Banji possessed a tall, crested skull like some other oviraptorids. Uniquely, the sides of the crest are adorned with a series of vertical striations, as well as grooves on the top of the lower jaw. Banji also differs from other oviraptorids in having an unusually long nasal opening that followed the curve of the crest nearly to the eye socket.

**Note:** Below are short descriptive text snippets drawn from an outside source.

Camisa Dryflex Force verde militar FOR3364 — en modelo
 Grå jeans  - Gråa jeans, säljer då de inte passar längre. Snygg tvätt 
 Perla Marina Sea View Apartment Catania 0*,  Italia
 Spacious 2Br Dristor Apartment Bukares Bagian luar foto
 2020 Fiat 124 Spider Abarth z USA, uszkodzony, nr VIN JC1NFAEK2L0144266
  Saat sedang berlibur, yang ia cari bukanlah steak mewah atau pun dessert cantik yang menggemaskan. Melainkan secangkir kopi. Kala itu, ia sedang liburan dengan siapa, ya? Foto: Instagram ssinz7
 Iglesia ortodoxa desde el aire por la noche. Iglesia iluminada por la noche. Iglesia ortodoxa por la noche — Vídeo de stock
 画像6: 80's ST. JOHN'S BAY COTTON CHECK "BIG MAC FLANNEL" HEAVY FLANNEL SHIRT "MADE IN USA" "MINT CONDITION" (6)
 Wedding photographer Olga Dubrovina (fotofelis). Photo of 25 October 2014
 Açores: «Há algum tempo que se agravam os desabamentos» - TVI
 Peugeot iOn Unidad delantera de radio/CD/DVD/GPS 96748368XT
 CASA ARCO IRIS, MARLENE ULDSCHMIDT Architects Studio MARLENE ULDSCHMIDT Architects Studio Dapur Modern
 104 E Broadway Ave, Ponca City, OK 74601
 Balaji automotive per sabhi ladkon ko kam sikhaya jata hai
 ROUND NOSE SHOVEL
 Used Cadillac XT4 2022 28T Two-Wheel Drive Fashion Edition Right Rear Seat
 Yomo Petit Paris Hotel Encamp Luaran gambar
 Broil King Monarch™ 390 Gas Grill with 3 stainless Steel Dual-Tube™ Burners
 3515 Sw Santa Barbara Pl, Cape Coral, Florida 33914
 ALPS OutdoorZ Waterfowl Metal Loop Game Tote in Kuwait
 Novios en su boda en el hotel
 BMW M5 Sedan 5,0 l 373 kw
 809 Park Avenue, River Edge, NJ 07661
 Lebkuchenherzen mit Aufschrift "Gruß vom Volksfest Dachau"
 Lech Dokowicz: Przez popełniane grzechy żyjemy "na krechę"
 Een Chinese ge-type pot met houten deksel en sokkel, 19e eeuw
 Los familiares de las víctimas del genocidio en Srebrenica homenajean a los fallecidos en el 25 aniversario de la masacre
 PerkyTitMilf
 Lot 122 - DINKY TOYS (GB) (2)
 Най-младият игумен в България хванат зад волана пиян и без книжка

===Distinguishing anatomical features===
According to Xu et al. (2013), Banji can be distinguished based on the following characteristics: the crest is formed by the nasal bones and the premaxillae; the crest has a step-wise caudal end and bears two longitudinal grooves and numerous oblique striations on its lateral surfaces; the presence of a caudally located, extremely elongate, external naris near the orbit; the dorsal surface of the palatal ramus of the pterygoid has a deep fossa; several longitudinal grooves are present along the caudal portion of the dorsal margin of the dentary; several tubercles are present along the lateral shelf at the dorsal margin of the surangular.

In 2024, Andrea Cau considered it likely that Banji represents an immature individual of the contemporary Corythoraptor, making it a senior synonym of that taxon. His reasoning related to shared unique characteristics of the skull, with the proposed diagnosis distinguishing the taxa being based on ontogenetically variable characters.